I am currently wrapping up reading Charles Webb's The Graduate, published in 1963. It was a free Kindle read---so I figured, what they heck? But reading it, I was struck by how closely the film followed the book. I mean almost line by line and quote by quote. It's impossible to read the line: "Benjamin, is that what you want? Do you want me to seduce you?" without hearing Anne Bancroft's growly cougar voice.
Of course, Webb's writing is so sparse, it could have served as a script. So sparse that one wondered how it got published---this is Heminway sparse, with little to no description. And perhaps its sparsity is part of its brilliance. The novel's humor isn't slowed in any way...instead there is satiric setup and delivery with the commentary coming in the white spaces.
Webb is an interesting individual, and an author who never really capitalized on a chance to make it big in the literary world. While most people have read seen the film, relatively few who enjoyed that experience read the supposedly semi-autobiographical novel. Not that The Graduate wasn't a best seller in 1963, but it could have opened so many doors to the eccentric Mr. Webb, who has written several other novels.

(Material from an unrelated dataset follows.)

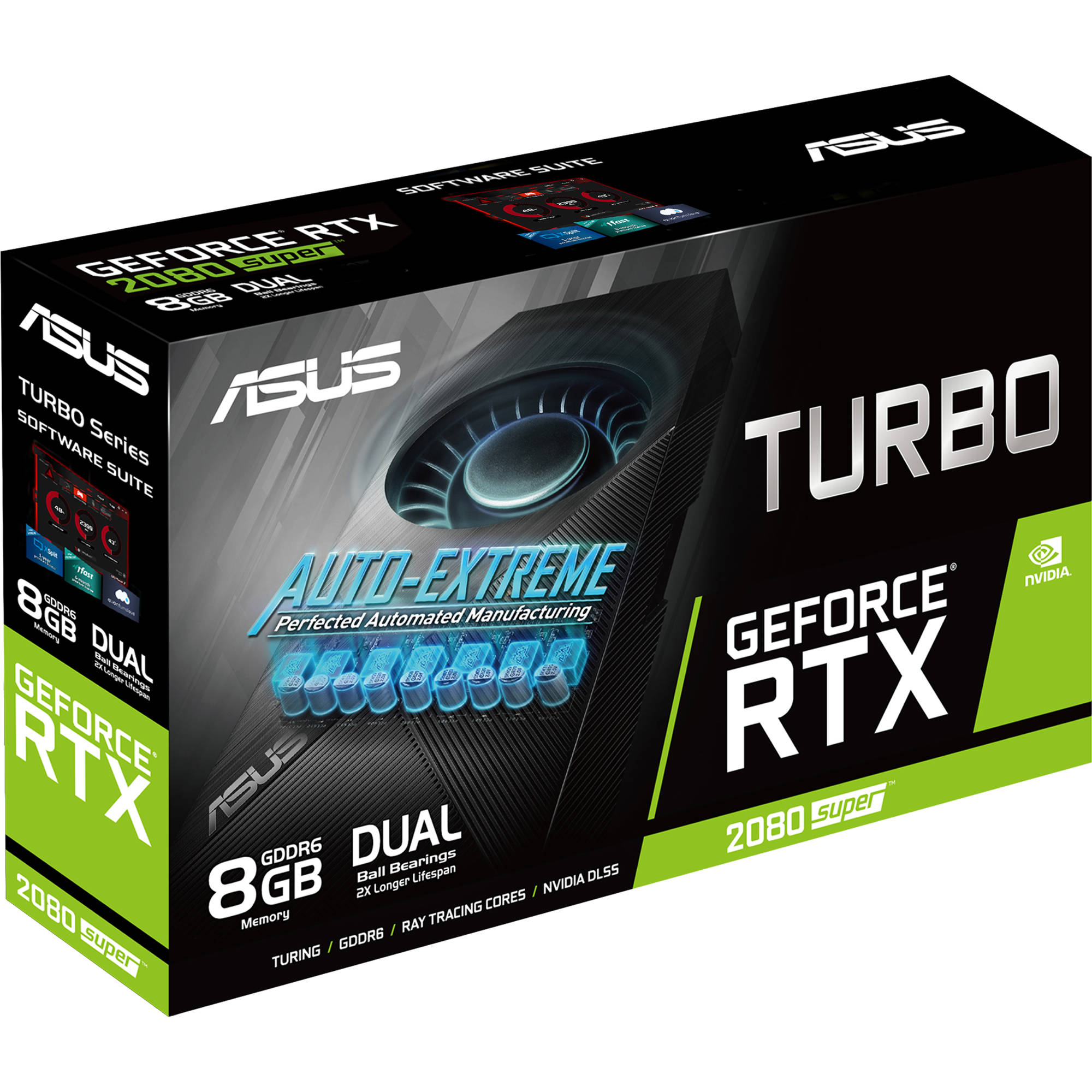 Asus GeForce Rtx 2080 Super 8G Turbo Edition GDDR6 PCI-E TURBO-RTX2080S-8G-EVO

In 2006, Mr.Webb wrote the sequel to The Graduate. The book, which many approached skeptically, detailed life for Benjamin and Elaine Braddock some twenty years after the end of the first novel. According to the description for Homeschool, the story once again involves Mrs. Robinson, who moves in with the couple in their upstate New York abode after the death of Mr. Robinson. She digs in and the couple contrive to drive her out by bringing in a counter-culture family of homeschoolers. Admittedly the premise sounds weak; it probably wouldn't have passed as a pilot on Fox, but many who have read the book have given it mild acceptance.